The insurer’s chief executive says that putting prices up year-on-year was the ‘right stuff’, enabling the firm to now ‘stand still’ as its competitors scramble to implement price increases to mitigate Covid discounts

Despite Sabre Insurance Group’s premiums falling by 12% in 2020, chief executive Geoff Carter said the firm is “extremely well-funded for future growth opportunities that we’ve seen come in the waters” and has “been able to hold our nerve more so than perhaps other people will have done”.

Speaking exclusively to Insurance Times following the publication of Sabre’s 2020 full-year financial results last month, Carter explained that the insurer has already put its “prices up by 10% year-on-year, across the year, against a market backdrop of premiums [being] either flat or down”.

This means the business is “extremely well-funded for future growth opportunities” as it has “taken our pain” earlier than competitors.

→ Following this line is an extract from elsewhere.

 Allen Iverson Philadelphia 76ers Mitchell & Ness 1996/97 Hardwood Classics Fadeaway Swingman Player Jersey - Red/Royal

“We are now in a fully funded position,” Carter said. “As we sit here today, we don’t really need to increase our prices other than covering ongoing claims inflation, for the foreseeable future.

“Other people, we think, will need to unwind some of their Covid discounts, they may have over-discounted for the whiplash benefits. Quote volumes will increase a lot, we think, from April.

“Car showrooms have been shut now for [just over] three months. Car showrooms open, that will bring a lot of new drivers or cars into market, driving tests will bring a lot of new drivers. You’ve almost now got a year and a half of driving tests to try and squeeze in as rapidly as possible – there’s going to be a huge pent-up demand for new drivers to market. And then, people are going to have to change their prices for claims inflation.

“So, what we basically do is we can almost stand still and just keep our rates where they are as others need to increase their prices for all those things. Our growth is by having done the right stuff - others now need to react and we can hold our position.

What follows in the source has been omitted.